### Work task
Start at the line with "Chocolate cake with mint" in the records below, stop at the line with "3D Steel Rear", and return every line in that span exactly, the two end lines included.

### Dataset entries
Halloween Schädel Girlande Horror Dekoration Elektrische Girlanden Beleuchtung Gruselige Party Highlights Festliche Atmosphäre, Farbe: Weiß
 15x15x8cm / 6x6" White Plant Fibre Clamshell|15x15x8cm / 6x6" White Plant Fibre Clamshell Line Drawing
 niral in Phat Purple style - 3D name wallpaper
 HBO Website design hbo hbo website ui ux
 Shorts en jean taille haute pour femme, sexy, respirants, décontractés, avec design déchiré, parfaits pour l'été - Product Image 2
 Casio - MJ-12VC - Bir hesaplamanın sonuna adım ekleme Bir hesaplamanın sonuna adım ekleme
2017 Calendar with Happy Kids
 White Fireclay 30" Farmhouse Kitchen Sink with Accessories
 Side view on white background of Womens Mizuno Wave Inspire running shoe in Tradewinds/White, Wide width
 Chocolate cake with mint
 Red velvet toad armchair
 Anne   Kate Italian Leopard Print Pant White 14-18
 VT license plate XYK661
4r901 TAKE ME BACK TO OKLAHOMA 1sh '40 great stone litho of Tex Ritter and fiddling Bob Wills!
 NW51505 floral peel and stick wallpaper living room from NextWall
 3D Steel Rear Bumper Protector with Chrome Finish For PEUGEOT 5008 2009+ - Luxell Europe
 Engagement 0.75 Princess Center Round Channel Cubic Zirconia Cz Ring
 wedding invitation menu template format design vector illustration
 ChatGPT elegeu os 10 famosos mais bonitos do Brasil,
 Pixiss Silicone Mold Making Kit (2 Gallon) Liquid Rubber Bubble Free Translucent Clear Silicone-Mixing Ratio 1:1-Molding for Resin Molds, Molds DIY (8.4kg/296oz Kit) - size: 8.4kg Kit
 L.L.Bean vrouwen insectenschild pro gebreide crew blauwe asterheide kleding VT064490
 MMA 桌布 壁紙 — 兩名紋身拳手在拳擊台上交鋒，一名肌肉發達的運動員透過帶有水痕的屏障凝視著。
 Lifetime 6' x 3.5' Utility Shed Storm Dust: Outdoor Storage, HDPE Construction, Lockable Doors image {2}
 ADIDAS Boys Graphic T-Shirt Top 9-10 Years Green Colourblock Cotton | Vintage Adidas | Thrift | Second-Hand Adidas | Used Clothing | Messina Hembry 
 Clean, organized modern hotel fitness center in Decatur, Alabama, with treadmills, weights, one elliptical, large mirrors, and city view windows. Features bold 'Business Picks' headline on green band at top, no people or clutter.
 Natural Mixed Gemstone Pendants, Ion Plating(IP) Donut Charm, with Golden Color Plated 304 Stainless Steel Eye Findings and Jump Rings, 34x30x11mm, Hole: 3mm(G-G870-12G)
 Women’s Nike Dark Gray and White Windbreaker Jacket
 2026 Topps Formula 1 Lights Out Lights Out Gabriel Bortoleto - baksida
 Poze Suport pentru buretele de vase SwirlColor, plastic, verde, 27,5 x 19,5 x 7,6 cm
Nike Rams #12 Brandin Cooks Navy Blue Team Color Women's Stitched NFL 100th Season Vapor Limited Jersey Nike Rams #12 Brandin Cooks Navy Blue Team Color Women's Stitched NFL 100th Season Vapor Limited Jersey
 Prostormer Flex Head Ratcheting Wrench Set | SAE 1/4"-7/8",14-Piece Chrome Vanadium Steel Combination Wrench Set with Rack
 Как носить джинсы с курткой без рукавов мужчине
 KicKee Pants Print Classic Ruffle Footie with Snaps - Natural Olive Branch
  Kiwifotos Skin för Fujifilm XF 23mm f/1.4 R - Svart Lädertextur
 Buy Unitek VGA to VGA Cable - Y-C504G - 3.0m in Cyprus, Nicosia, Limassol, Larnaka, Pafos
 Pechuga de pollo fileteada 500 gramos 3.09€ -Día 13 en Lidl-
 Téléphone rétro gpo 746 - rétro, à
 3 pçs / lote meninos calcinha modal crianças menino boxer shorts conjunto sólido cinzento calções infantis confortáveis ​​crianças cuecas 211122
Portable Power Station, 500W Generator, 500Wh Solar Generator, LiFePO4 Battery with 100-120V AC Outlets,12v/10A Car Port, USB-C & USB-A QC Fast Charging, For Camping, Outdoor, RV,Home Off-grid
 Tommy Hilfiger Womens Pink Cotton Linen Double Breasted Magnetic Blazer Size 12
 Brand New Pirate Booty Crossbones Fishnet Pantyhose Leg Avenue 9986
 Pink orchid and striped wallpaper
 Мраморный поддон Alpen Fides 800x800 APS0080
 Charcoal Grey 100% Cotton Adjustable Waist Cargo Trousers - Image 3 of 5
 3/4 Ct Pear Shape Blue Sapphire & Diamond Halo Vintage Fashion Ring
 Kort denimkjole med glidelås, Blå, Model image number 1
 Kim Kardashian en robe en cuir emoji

### Answer area
 Chocolate cake with mint
 Red velvet toad armchair
 Anne   Kate Italian Leopard Print Pant White 14-18
 VT license plate XYK661
4r901 TAKE ME BACK TO OKLAHOMA 1sh '40 great stone litho of Tex Ritter and fiddling Bob Wills!
 NW51505 floral peel and stick wallpaper living room from NextWall
 3D Steel Rear Bumper Protector with Chrome Finish For PEUGEOT 5008 2009+ - Luxell Europe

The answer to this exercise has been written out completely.